David Trimble, our co-editor for the Theatre Section 2015-2016, reviews for us As You Like It and Much Ado About Nothing that he saw this summer at The Globe.
While those who prepared a year in advance went to see the early performances of Benedict Cumberbatch’s Hamlet at the Barbican (I’m not jealous), I decided to go traditional and hit the Globe Theatre and enjoy watching Shakespeare standing in the rain (still not jealous). I almost couldn’t do even that after accidentally booking tickets for the wrong performance. I don’t know how Cumberbatch’s Hamlet was (although I expect warmer and drier,) but the Globe certainly managed to put on two raucously entertaining performances of As You Like It and Much Ado About Nothing.
As You Like It is one of Shakespeare’s more obviously self-aware comedies and this production felt like it was taking place as much on the stage as in the forest it is set in. It was only when a troupe of courtiers marched in with a real deer on a pole fresh from the hunt that I felt I was deep in the Forest of Arden. This is not necessarily a bad thing for the play containing the infamous ‘All the world’s a stage’ speech by ‘monsieur melancholy’ Jacques. Whilst fiercely funny, Blanche McIntyre’s traditionally staged production (corsets and all) never really felt melancholy. Even at the start with the De Boyes brothers huddled around their father’s coffin as the funeral bell tolled, the atmosphere too quickly diffused into comedy (or dare I say farce) in the two brothers’ dispute and failed to make me believe in Orlando’s plight. Rosalind’s quip to Jacques that ‘your experience makes you sad: I had rather have a fool to make me merry than experience to make me sad’ highlights the need for the contrast of happy and sad on the stage to bring out the humour better. Jacques asks for more music when he first enters and Amiens replies that ‘it will make you melancholy’; at times I needed more melancholy.

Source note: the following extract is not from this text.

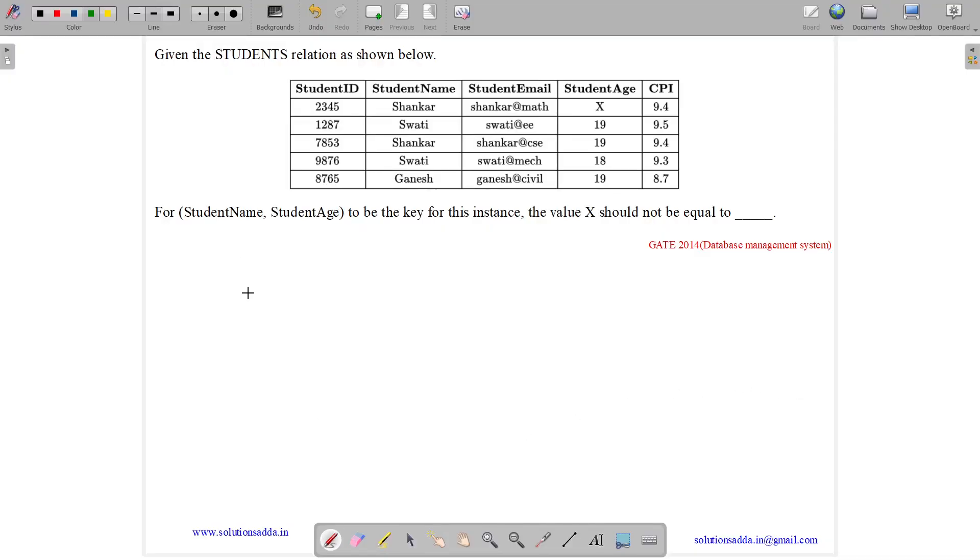This question belongs to database management system subject and was asked in GATE CSE 2014 set 2. The question states:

The humour that there was, and there was a lot of it, was truly hilarious, and at points tear inducing, particularly the appearance of Gary Shelford’s sequined Hymen and some of James Garnon’s Jacques’ interactions with the audience. Most of the comedy appropriately came through the play’s hero Rosalind; however, played with a giddy animation by Michelle Terry whose witty banter with the other characters was a joy to watch. The pace at times had a tendency to drag, in particular some of the longer dialogues, but often it was anticipated and stemmed by McIntyre’s wonderful use of Shakespeare’s songs, even accompanied by a tap-dancing quartet in one scene. Overall this was a very funny performance and whilst it needed a little more dark, the light certainly burned brightly.
Where As You Like It lacked that element of melancholy, Max Webster’s Much Ado About Nothing gave a whole kaleidoscope of emotions that never seemed to jar with each other. The standout performance here was Alex Mugnaioni whose pantomime villain Don John was silkily malicious, but even better was his farcical fool Dogberry who stole every scene he was in. This was due in no small part to his physical humour, which involved at one point slamming into a pillar, and his audience interaction in having the whole theatre chanting that he was an ass. Thankfully he managed not to detract from the central couple of Beatrice and Benedick (Emma Pallant and Christopher Harper) whose repartee was very droll and always felt at the centre of the audience’s attention. Their chemistry felt natural and the antagonism blended seamlessly into love as the plot rolled on.
The setting worked incredibly effectively having a 1940s Italian flavour that didn’t clash with the Elizabethan Globe, and also created one of the funniest parts of the play (although unintentional) when Claudio’s (Aaron Anthony) military regalia came apart as his metal lapels fell off in a tussle with Robert Pickavance’s Leonatus. It luckily didn’t detract too much from one of the more serious scenes and allowed some wonderful improvisations: ‘We are like to have our two noses snapped off … and our lapels!’
What stood out was the musical flavour Max Webster’s production had. It is usually no surprise when the music begins in As You Like It but I was pleasantly entertained when Much Ado opened with almost every cast member playing an instrument (Leonatus on trombone was my favourite). This production was witty, emotional, farcical and musical, and perhaps the best indicator of its success is that I didn’t notice my feet aching until well after all the actors had left the stage.
One more reason not to be jealous of anyone lucky enough to see Benedict’s Dane (I’m not jealous, honestly): standing tickets are only a fiver! So get yourselves to the globe if you want a bit of Shakespeare, and let’s face it who doesn’t?